Ce n'est un secret pour personne qu'une grande partie de l'écosystème Web3 (et des solutions de cybersécurité associées) fonctionne encore sur l'architecture Web2 d'hier, ce qui les rend très centralisés. Selon M. Carvalho, c'est l'éléphant dans la pièce dont la plupart des plateformes Web3 ne veulent pas parler. Il estime que si ces problèmes urgents ne sont pas résolus à l'aide de solutions décentralisées, les normes d'exécution et de publication des smart contracts ne seront pas fondamentalement modifiées ou améliorées, ajoutant :

« Ces types de violations continueront à se produire parce qu'il n'y a pas de responsabilité ou de criminalisation de l'activité de piratage. Je crois qu'une approche du type 'payez simplement le pirate' va augmenter le risque pour la DeFi et d'autres plateformes centralisées/décentralisées parce que les faiblesses fondamentales ne sont pas résolues. »
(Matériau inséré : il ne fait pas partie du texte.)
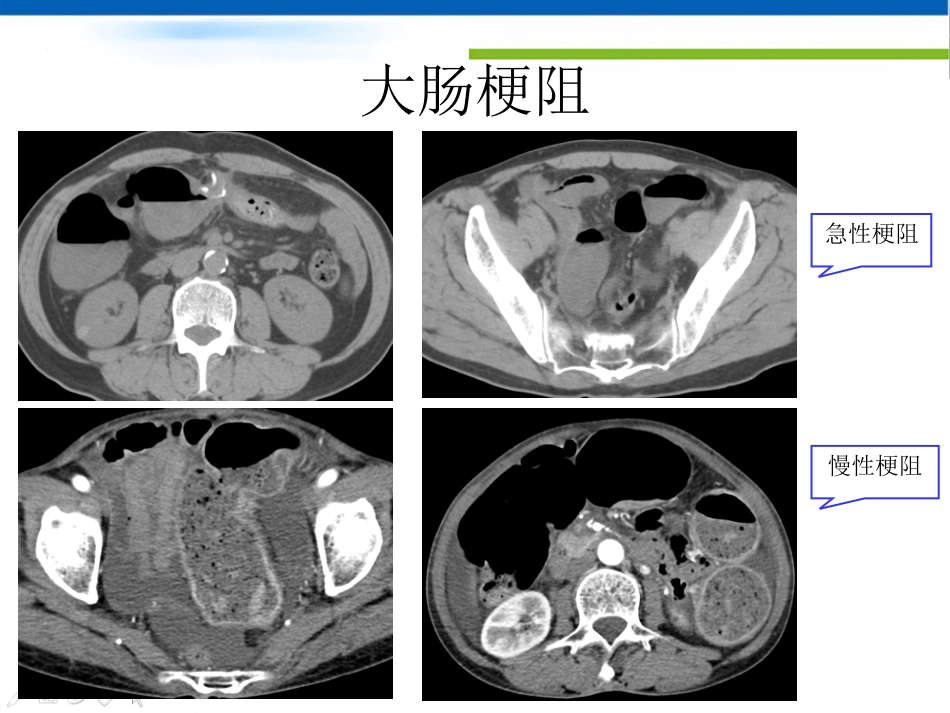肠梗阻的影像诊断肠梗阻的影像分析_第15页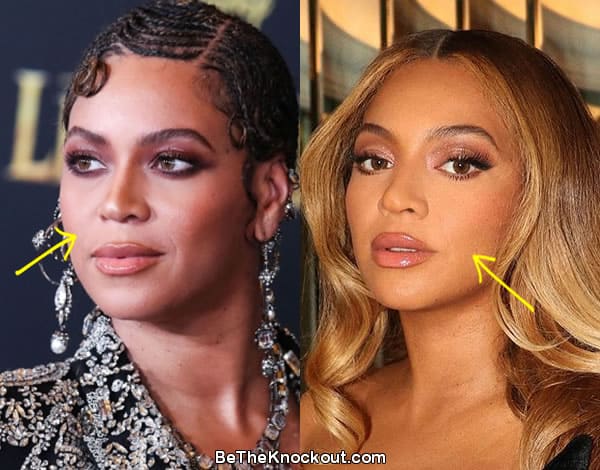 Beyonce botox before and after comparison photo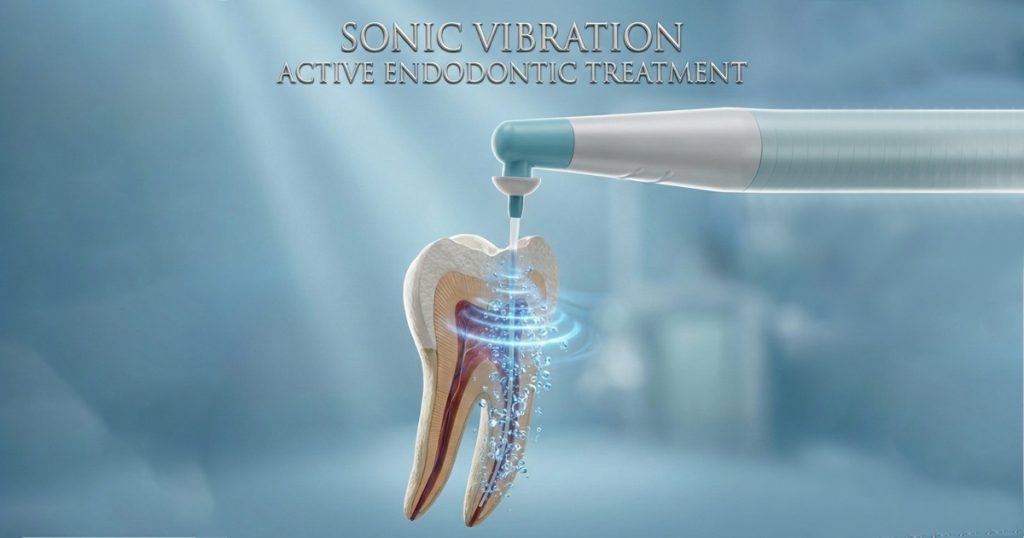 Sonic Irrigation Activation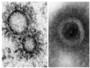 El virus de la gripe construye su propio orgnulo para transportar las molculas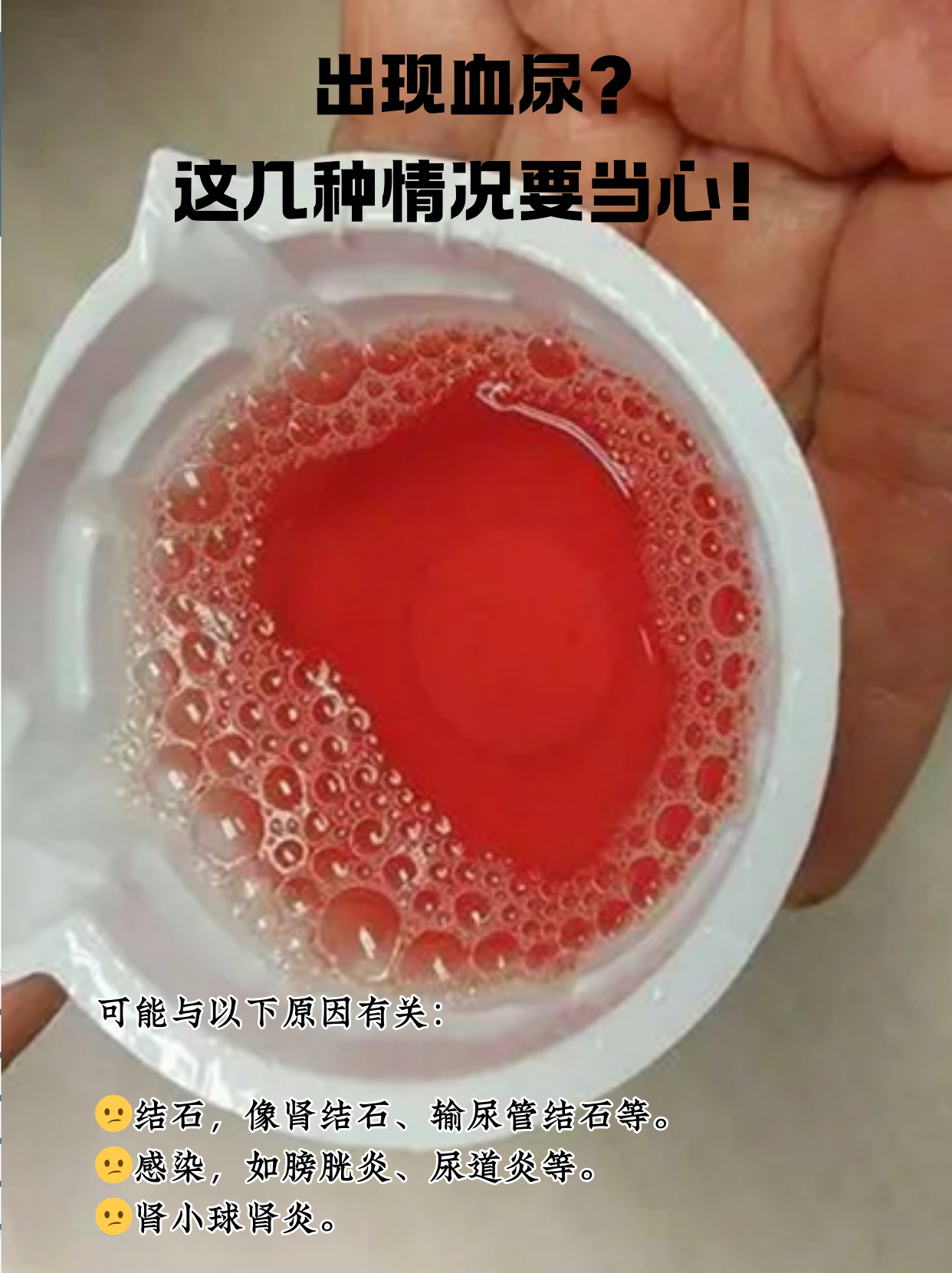 当发现尿液中出现血液,也就是血尿,很多人都会感到惊慌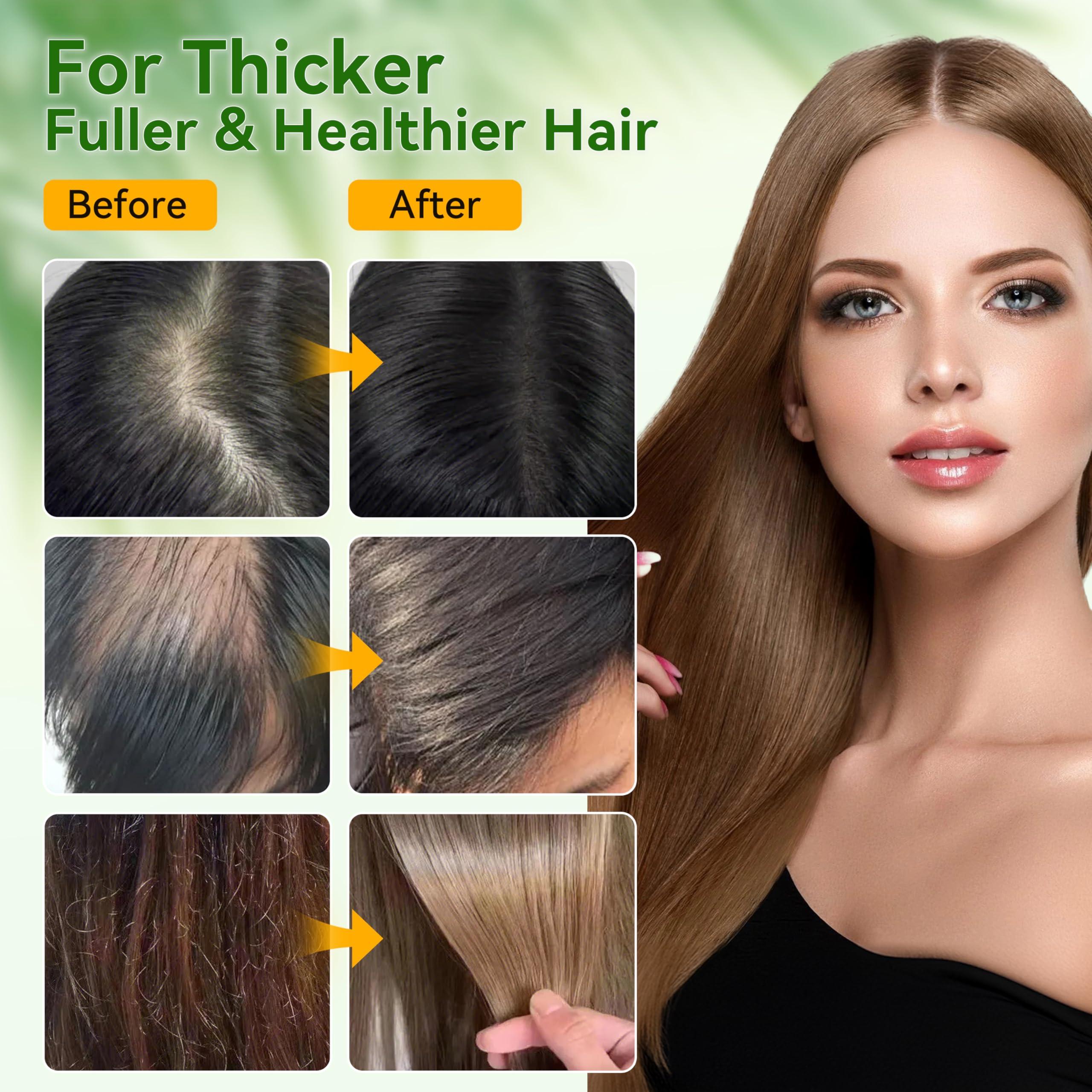 Veakoo Raw Batana Oil for Hair Growth, 100% Natural Pure, Dr. Sebi Organic Batana Oil from Honduras, Unrefined Hair Growth Oil for Women Men, Prevent Hair Loss, Repair Damaged Hair, Nourish Scalp 5.3 oz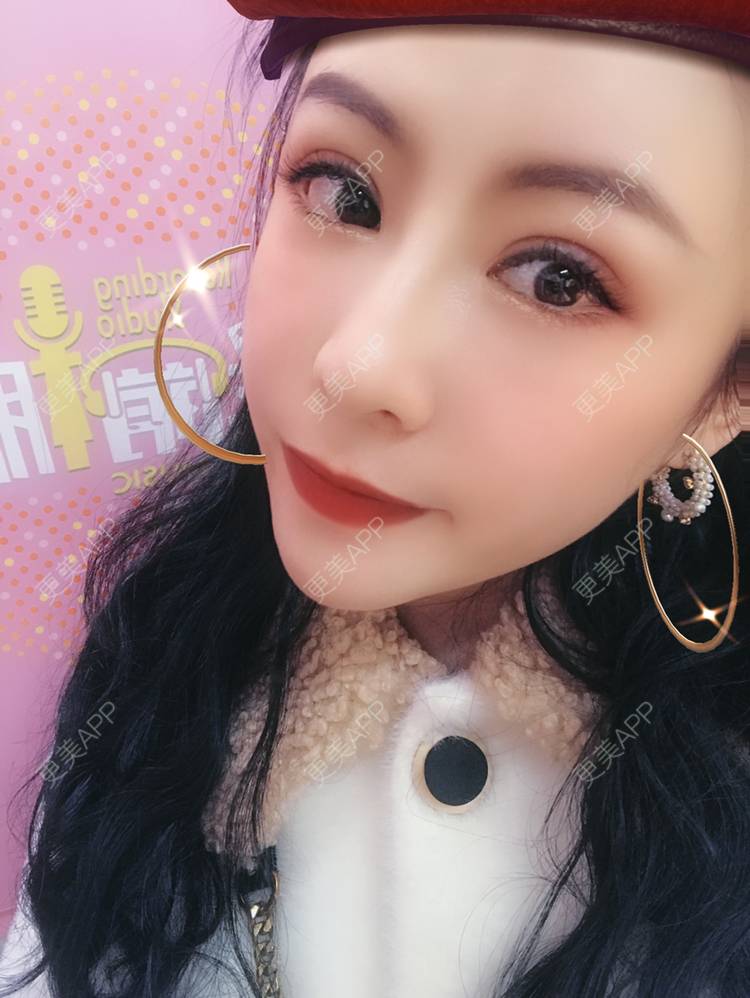 更美 - 卡门小妖精，的玻尿酸卧蚕经验 | 玻尿酸卧蚕 | 重庆 | 自体脂肪丰卧蚕 | 真皮丰卧蚕 | 双眼皮修复 | 眼部多项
Bos a noté que le problème central ici n'est pas le piratage ou les fausses primes qui récompensent les pirates, mais un manque apparent d'audits, de processus de sécurité de qualité et de revues des risques, en particulier de la part des projets qui ont dans leurs coffres des millions de dollars d'actifs crypto.

« Les banques établies sont pratiquement impossibles à pirater parce qu'elles dépensent beaucoup d'argent pour les examens de sécurité, les audits de risque, etc. Nous devons voir le même niveau de surveillance technique dans l'industrie crypto. », a-t-il conclu.

Par conséquent, alors que nous nous dirigeons vers un avenir de plus en plus axé sur les technologies décentralisées, nous pouvons dire que les pirates informatiques démontrent simplement à quel point le secteur de la crypto dans son ensemble doit s'investir davantage dans ses pratiques de sécurité.